Similarly, the notions of workplace, educational and training establishments must be interpreted broadly. There is also room for member states to introduce regulations that are more favorable to workers with regard to the use of AI systems by employers.
It also clarifies that authorized therapeutic uses include the use of CE marked medical devices and that the notion of safety is limited to the protection of life and health and not to other interests such as property.
- Biometric Categorization for certain “Sensitive” Characteristics (Article 5(1)(g) AI Act)
This prohibition is for biometric categorization (except where purely ancillary to another commercial service and strictly necessary for objective technical reasons) that individually categorize natural persons on the basis of their biometric data to deduce or infer their race, political opinions, trade union membership, religious or philosophical beliefs, sex life or sexual orientation.The European Commission clarifies that this prohibition, however, does not cover the labelling or filtering of lawfully acquired biometric datasets (such as images), including for law enforcement purposes (for instance, to guarantee that data equally represents all demographic groups).
- Real-time Remote Biometric Identification (RBI) Systems for Law Enforcement Purposes (Article 5(1)(h) AI Act)
The European Commission devotes a substantial part of the CGPAIP to the development of this prohibited practice, which refers to the use of real-time RBI systems in publicly accessible areas for law enforcement purposes.
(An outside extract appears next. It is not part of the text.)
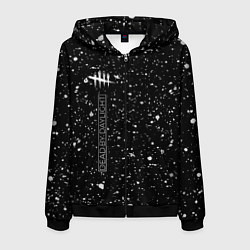 Толстовка 3D на молнии мужская DEAD BY DAYLIGHT Брызги По вертикали, цвет: 3D-черный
Exceptions, based on the public interest, are to be determined by the member states, through local legislation.
The CGPAIP concludes with a final section on safeguards and conditions for the application of the exemptions to the prohibited practices, including the conduct of Fundamental Rights Impact Assessments (FRIAs), which are defined as assessments aimed at identifying the impact that certain high-risk AI systems, including RBI systems, may have on fundamental rights, and which, it is clarified, do not replace the existing Data Protection Impact Assessment (DPIA) that data controllers (i.e., those responsible for processing personal data) must conduct and have a broader scope (covering not only the fundamental right to data protection but also all other fundamental rights of individuals) and which complement, inter alia, the required DPIA, the registration of the system or the need for prior authorization.